Figure 2 : Evolution of
|| Y || versus the number of Newton
iterations for the test case with only activity correction
Comparing the three algorithms on the test case with only activity
correction , one can see in Figure 2 that:
- The outer fixed-point algorithm requires the fewest Newton iterations
to reach convergence, whereas the inner algorithm requires the most
iterations. The full Newton algorithm requires an intermediate number
of Newton iterations.
- For the tree algorithms, obtaining the solution at a low ionic
strength requires less Newton iteration than at a high ionic strength.
This point is obvious: for this test case, activity corrections are
the only nonlinearity of the problem, and they are less important at a
low ionic strength than at a high ionic strength.
- The outer fixed-point algorithm runs 3 minimization loops for the
situations with both low and high ionic strength. The first loops
converge at 10 (low) and 23 (high) iterations; the second loop
converges at 15 (low) and 29 (high) iterations. The third loop is theconfirmation loop used to check that no changes in the ionic
strength computation occur and then to confirm the convergence of the
algorithm.
Frequency graphs
We plot graphs of the cumulative ratio of the resolutions that converge
within a given number of Newton iterations. According to the graph, the
algorithm that reaches a cumulative frequency of 1 is said to be robust.

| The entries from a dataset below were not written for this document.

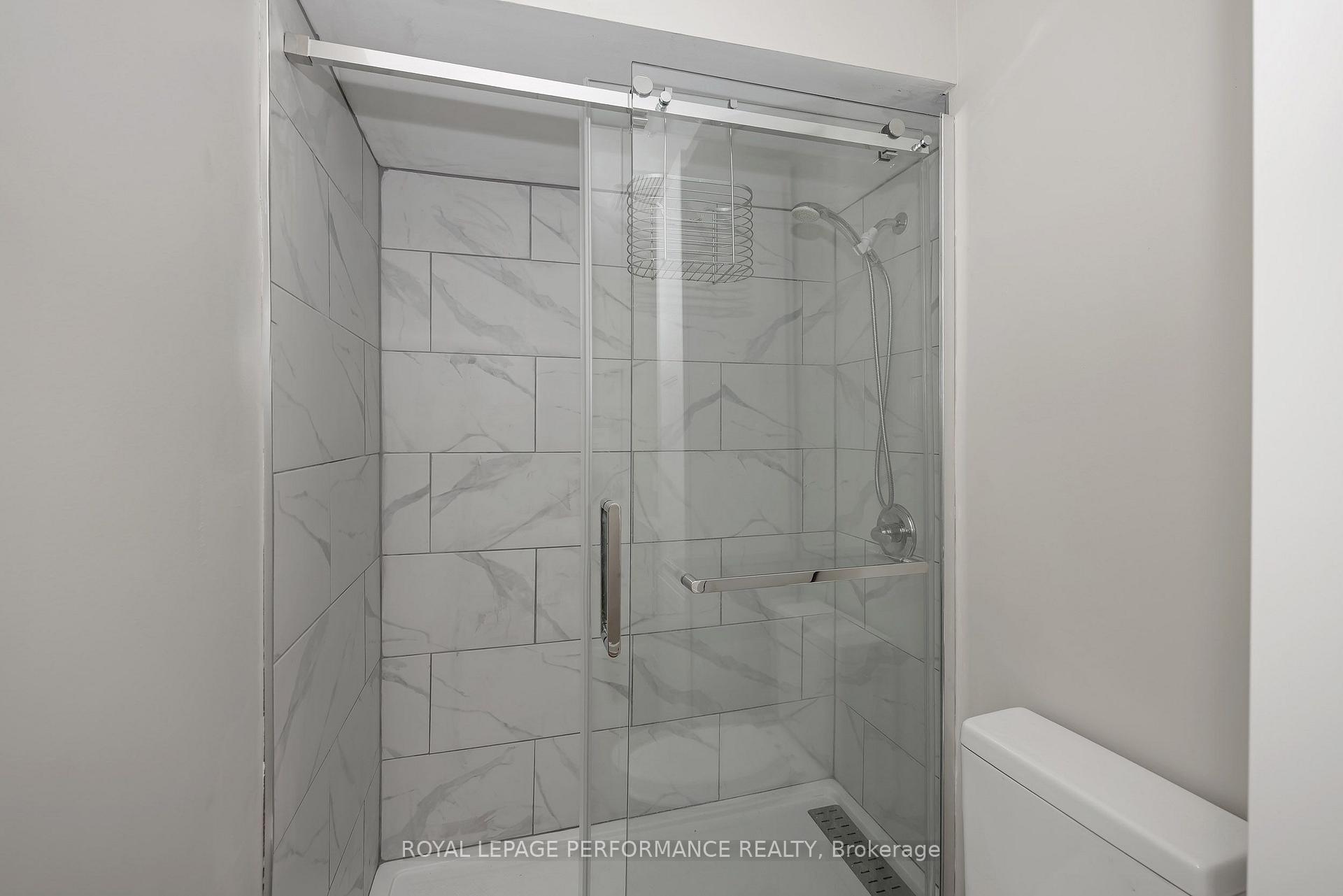 Photo 14 of Unit 920, 20 Chesterton Drive, Ottawa, Borden Farm/Stewart Farm/Carleton Heights/Parkwood Hills — HOMEH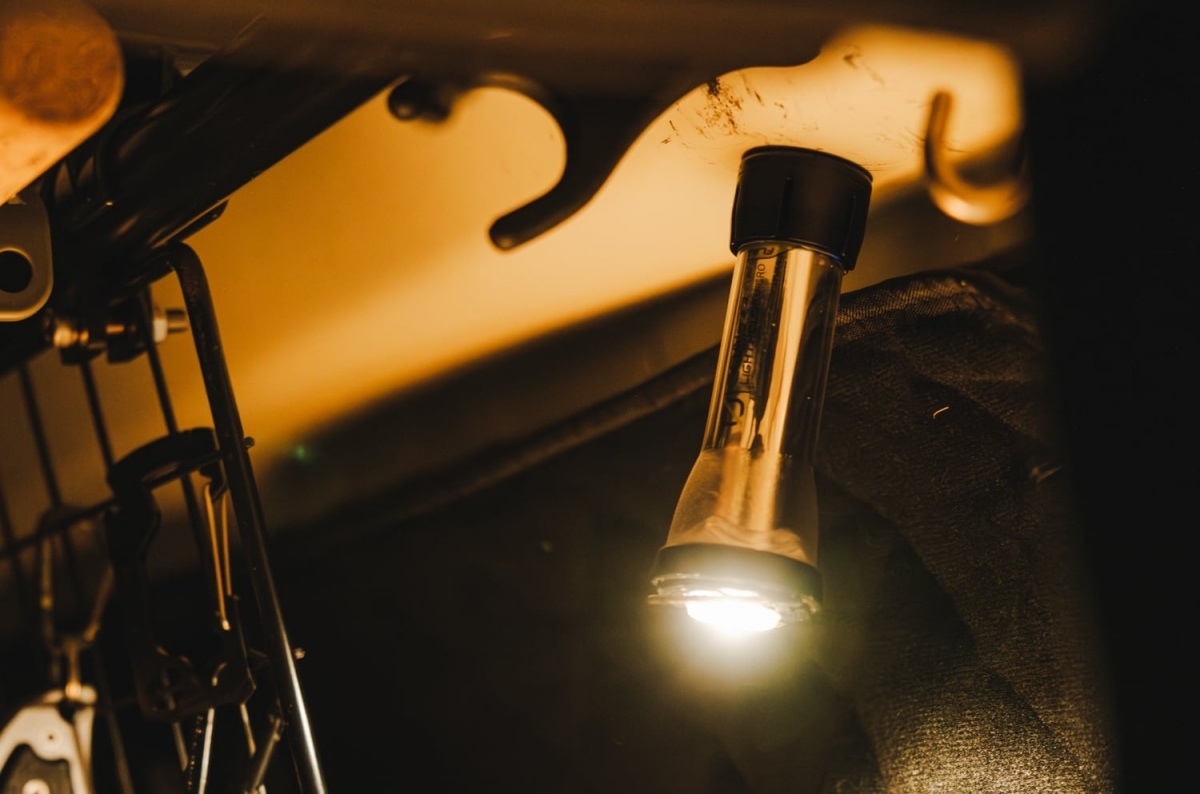 眩しすぎて失敗…“車中泊にちょうどいいランタン”はこの10個でした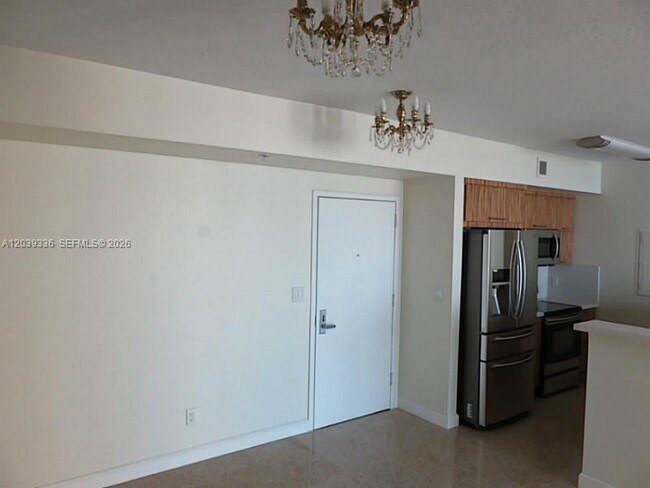 Building Photo - 325 S Biscayne Blvd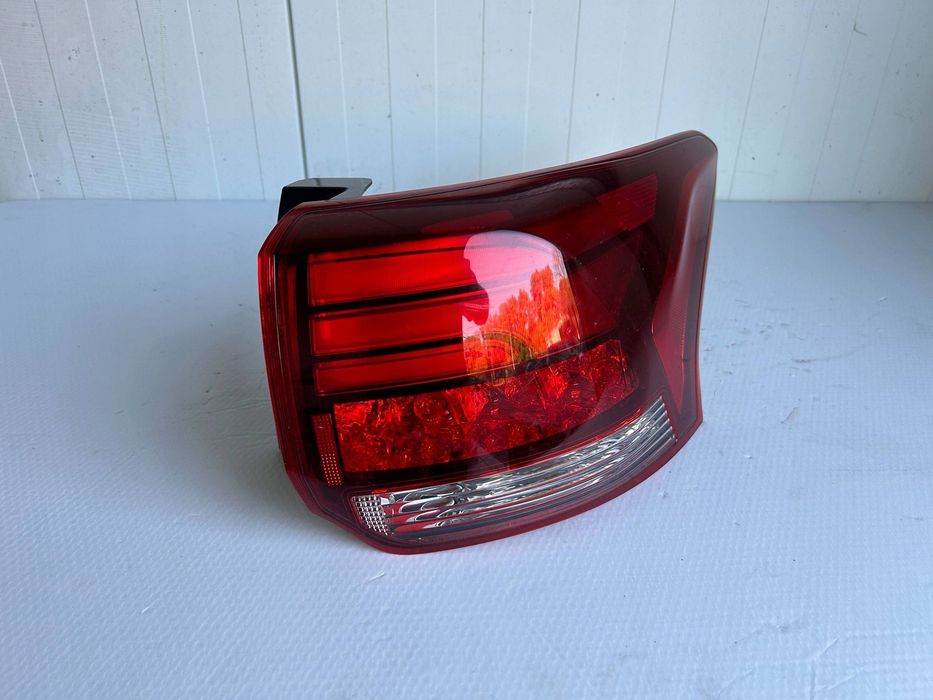 Lampa tylna Prawa strona Mitsubishi Outlander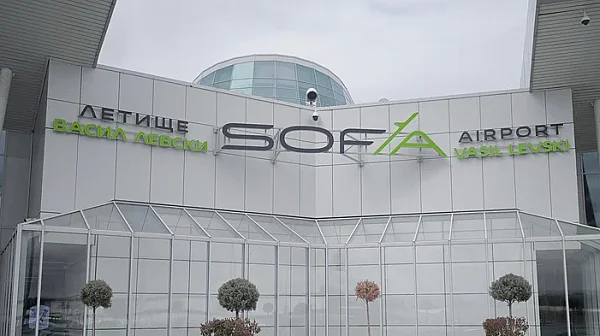 Летище „Васил Левски“ въвежда дезинфекция на обувките на пътниците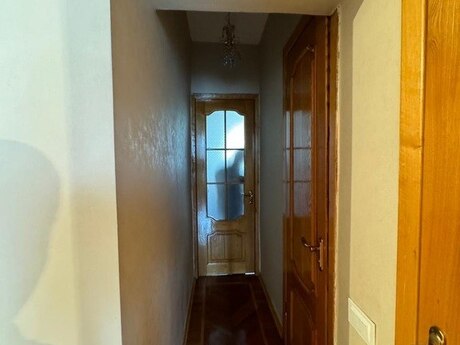 3 otaqlı köhnə tikili - Bakıxanov q. - 75 m²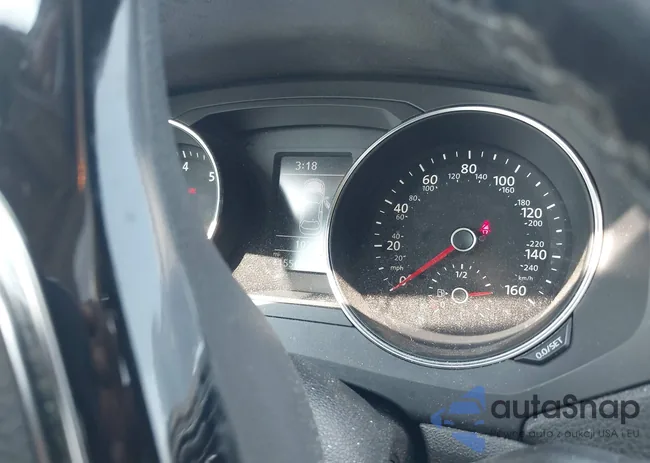 3VWB67AJ1JM229015: 42816268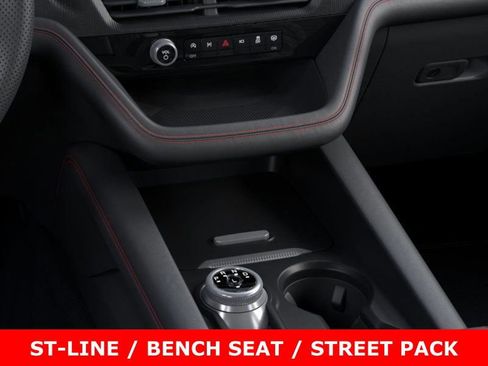 New 2025 Ford Explorer ST-Line w/ ST-Line Street Pack image 15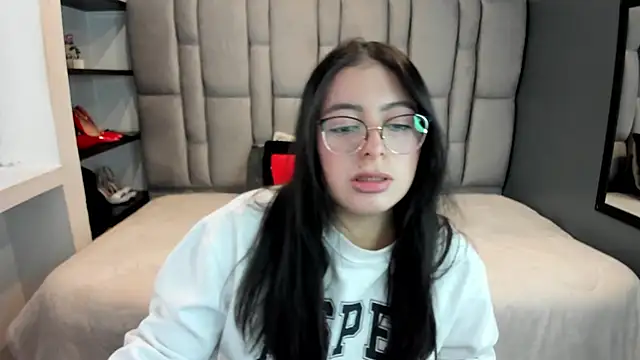 Snapshot of MiaWils_ chatting on June 18, 7:18 pm MiaWils online show from June 18, 7:18 pm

The algorithm that reaches a high cumulative frequency for a low number
of Newton iterations is said to be fast.
Test case with only activity
correction
The test case with only activity correction is a simple chemical
test case. It makes sense only for studying the activity correction
algorithms. It is solved by all the algorithms (see Table 5) within 150
Newton iterations (Figure 3). The fastest algorithm is the outer
fixed-point algorithm, regardless of the ionic strength. Moreover, this
algorithm shows a very low sensitivity to the ionic strength by
resolving the low ionic strength case within 24 or 25 iterations and the
high ionic strength case within 21 iterations regardless of the initial
guess. The inner fixed-point and the full Newton algorithms are much
more sensitive to the ionic strength, with significant increases in the
number of iterations required to converge in the case with a high ionic
strength. For this case, we find that the best algorithm is the outer
fixed-point algorithm, and the inner fixed-point algorithm is the worst
according to the number of Newton iterations. Taking the computing time
of one Newton iteration into account (Table 4), we see that the full
Newton algorithm is the slowest and the outer fixed-point algorithm is
the fastest.